:: Raw data ::

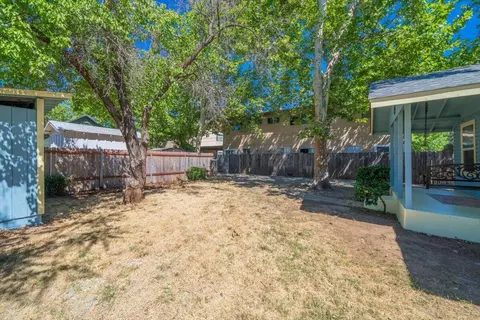 752 West St, Redding, CA 96001 photo 11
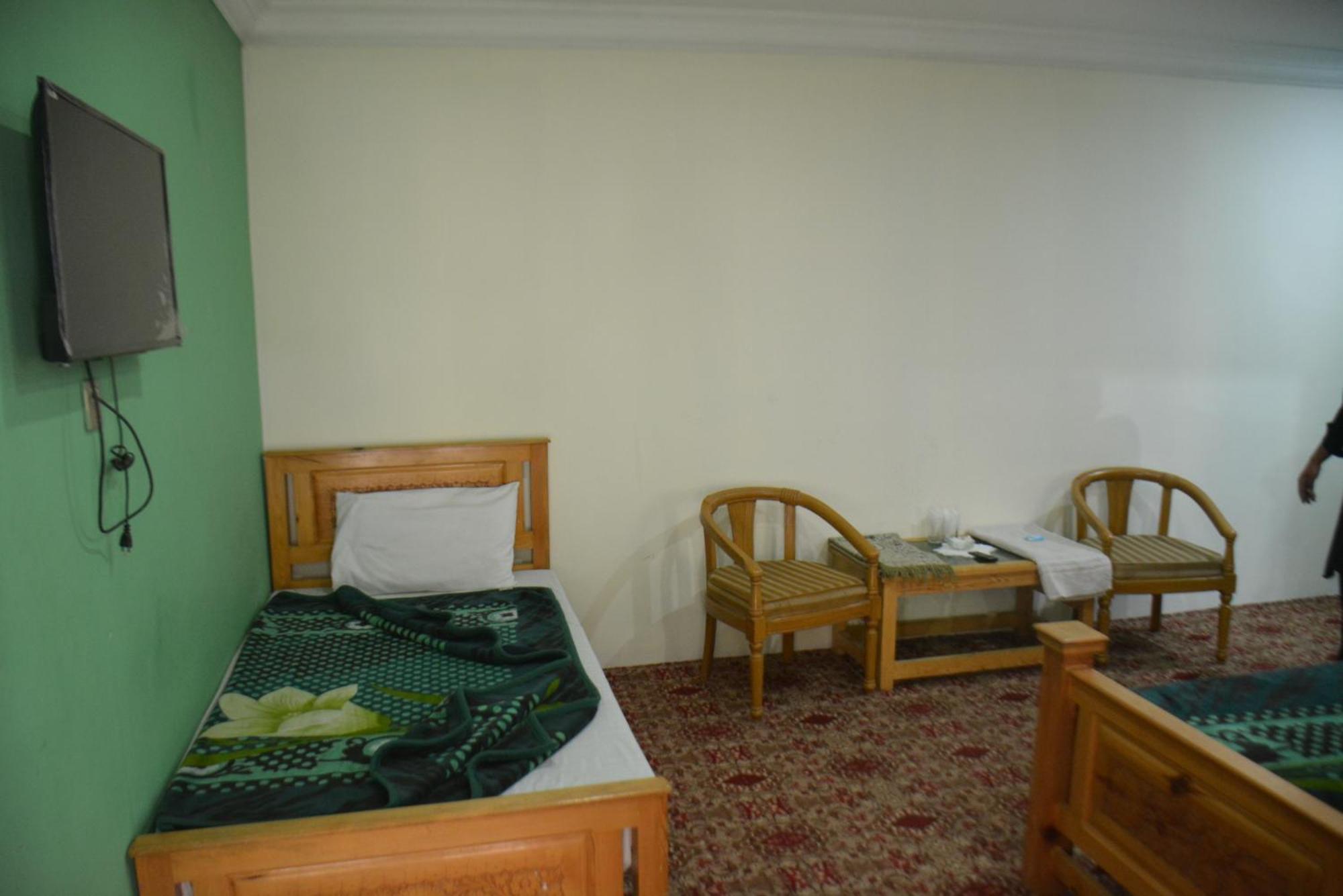 Hotel Pine Hills, Naran Zewnętrze zdjęcie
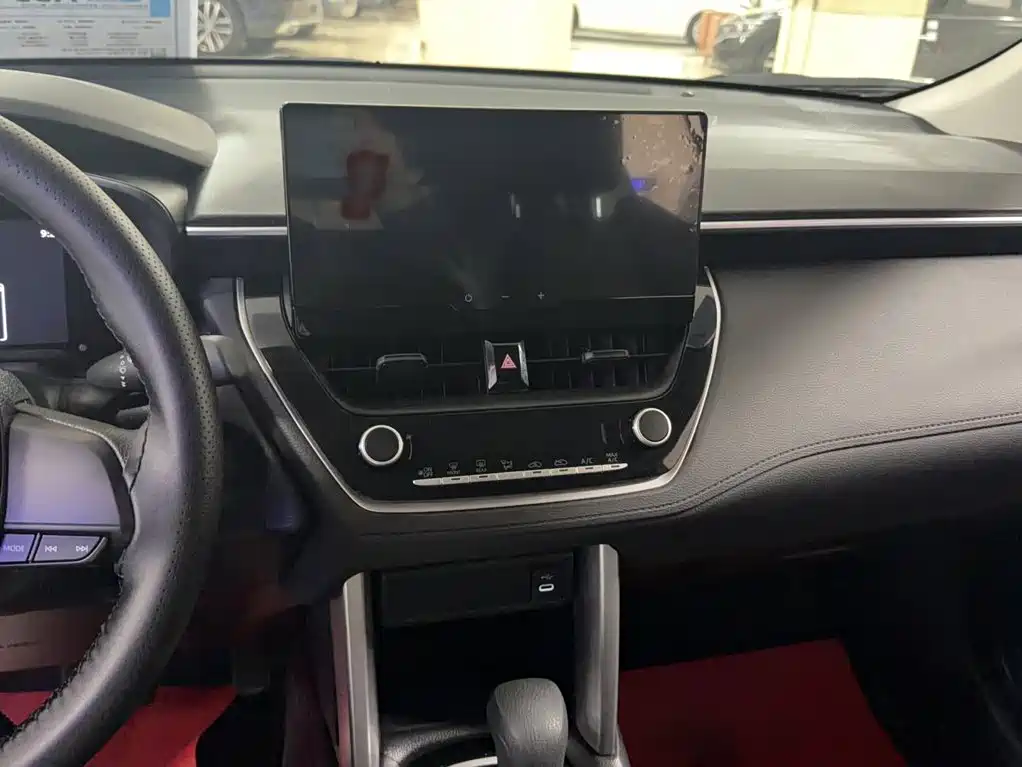 Toyota Frontlander — миниатюра 7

:: Exercise prompt ::
The material should be returned verbatim, with all images omitted.

:: Exercise answer ::
 752 West St, Redding, CA 96001 photo 11
 Hotel Pine Hills, Naran Zewnętrze zdjęcie
 Toyota Frontlander — миниатюра 7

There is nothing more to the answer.